## Task
Under this line are the records; repeat exactly the lines starting at the one containing "funny design Math" and ending at the one containing "Tea-length Square Neck", omitting pictures.

Records provided section start

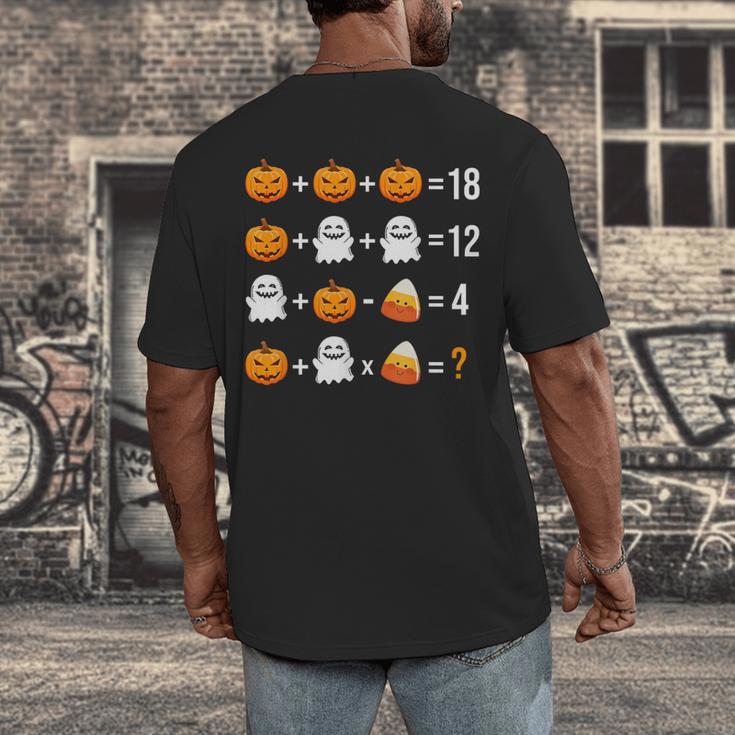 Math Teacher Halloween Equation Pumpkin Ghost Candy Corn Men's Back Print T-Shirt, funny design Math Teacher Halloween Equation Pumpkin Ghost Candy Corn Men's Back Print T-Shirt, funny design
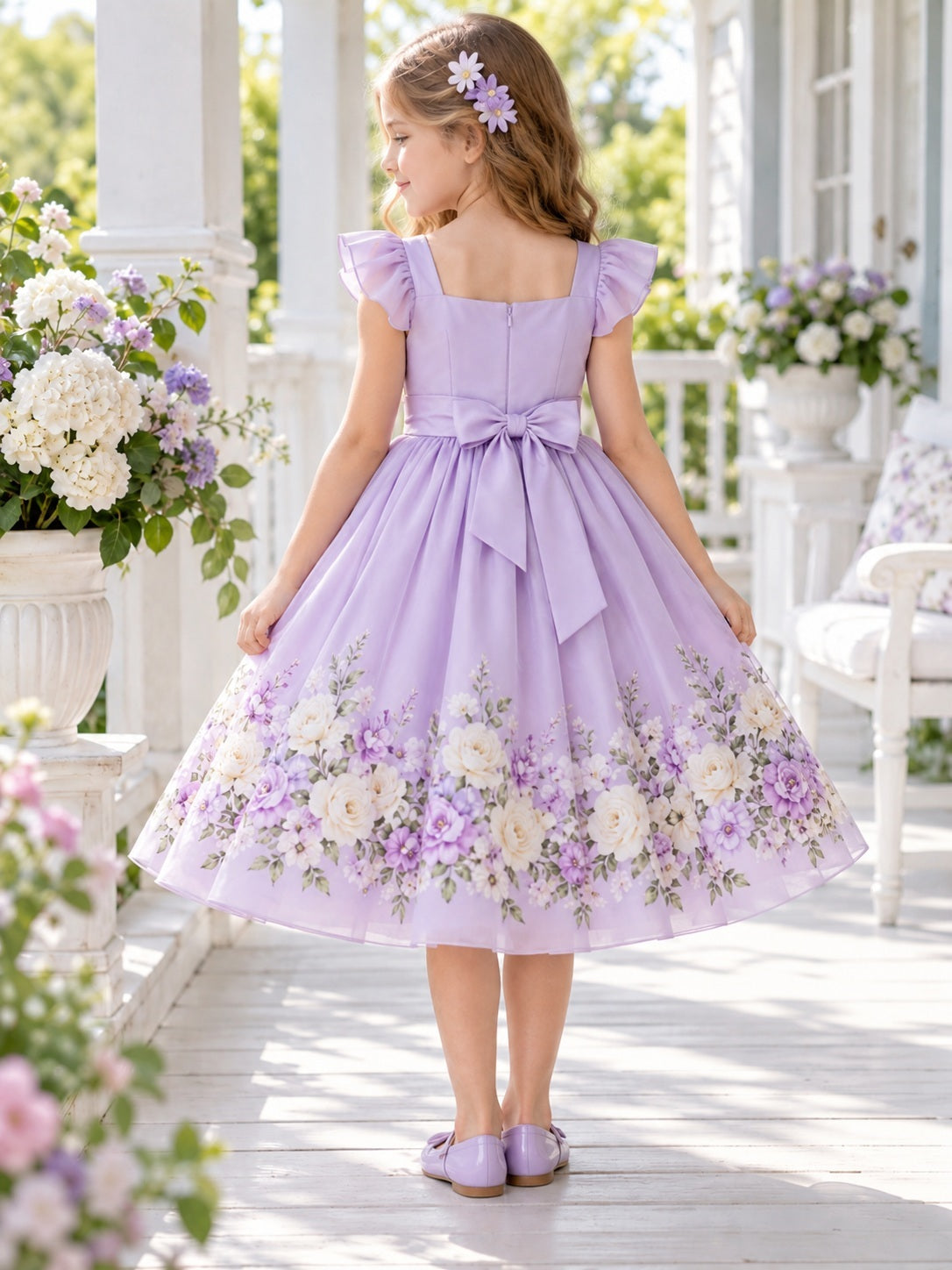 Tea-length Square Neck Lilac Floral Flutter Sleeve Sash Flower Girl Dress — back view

Records provided section end
Records provided section start

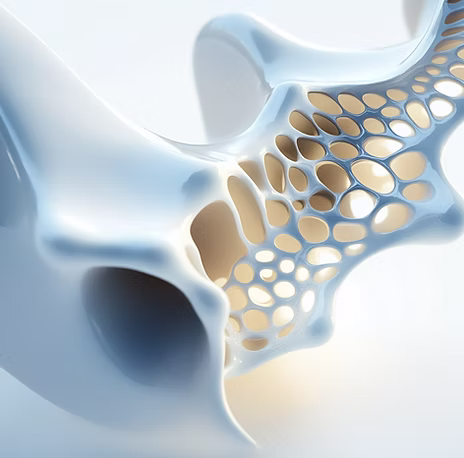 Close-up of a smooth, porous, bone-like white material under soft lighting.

Records provided section end

## Solution to the exercise
 Math Teacher Halloween Equation Pumpkin Ghost Candy Corn Men's Back Print T-Shirt, funny design Math Teacher Halloween Equation Pumpkin Ghost Candy Corn Men's Back Print T-Shirt, funny design
 Tea-length Square Neck Lilac Floral Flutter Sleeve Sash Flower Girl Dress — back view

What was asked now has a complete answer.